As I am writing, I already dust off the R/R Coseboom material, since my nostalgia grown very big again. Because of the autumn? No, not really.

There's a new Halou album. Ha, ha. A very exciting proposal if I hadn't listened to Sawtooth EP. Having listened to that EP, I was ready to hit with predjudice, but, you know, the new album might actually be good! The new album has only 8 new songs (out of which 3 I've already heard on Halou's MySpace), so I hoped these would redeem Halou's latest effort. Unfortunately, at least on my first listen, I wasn't very amazed by what I've heard.

At first, I could define Halou's self-titled album as a "rehash". I don't mind bringing a song from the previous album on your latest album, I don't mind reworking material from a side-project and putting it on the new album. But it's all not good. A part of the album is ripped from Sawtooth EP (all the songs from that EP are here!), a part of it is represented by reworkings of older songs initially made under the R/R Coseboom project ("Seabright" is from Moths + Butterflies and "Eejit" and "Hollywood Ending" are from Beneath Trembling Lanterns), a part of it is represented by apparently new songs - apparently. "Skimming" and a few other songs were supposed to be on a collection of unreleased songs from the Wholeness & Separation sessions, entitled Afield Recordings. But Afield Recordings was never released - they were dumped here. Nice thing to do for fans, but a compilation of B-sides never had as many expectations as a full-grown, long-length album. Having said that, the real problem of this album is the atmosphere. Or the lack of it.

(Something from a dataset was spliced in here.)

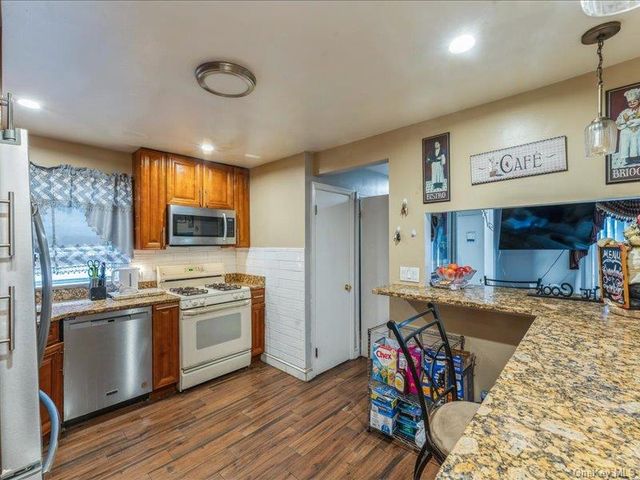 235-36 148th Avenue, Rosedale, NY 11422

Besides arguable tags like "trip-hop" or "dream pop", I always thought of Halou as a band that creates atmosphere. The term I would least associate with the makers of Wiser or We Only Love You is "bland". Atmosphere is where it's at. However, come to think of it, the one word that defines this new album is "bland". Useless to start describing each song (like in my old reviews, heh). What we got here is slightly noisy indie-rock-tronica-whatever (with some unsubstantial contributions from Robin Guthrie and Zoƫ Keating, both rarely noticeable - ironically) lumped it with some trip-hoppy-IDM that don't fit in the album very well, even when flooded with - touche! - acoustic guitars.

"Woah, you teh complain cause it's no hip-hop!" Firstly, don't confound trip-hop with hip-hop, and second, Halou members have proved before they don't have to make trip-hop or other such stuff to be cool (Parallelism, for instance). It's just that this album fails to hit me somewhere, anywhere, even on the nails! Sure, returning to your super-duper-shoegazy roots is cool, but this is barely dreamy. It just sounds like the album of a band that's still in pursuit of a identity. Maybe I'll change my opinion a bit over a few listens, maybe it will grow on me, but, personally, I would have waited a little bit more for a different album...

Come to think of it, I like the new typewriter sounds on "Eejit" 2....


Edit: Well, Halou is now gone. I hope the forthcoming Stripmall Architecture album is more polished than this one.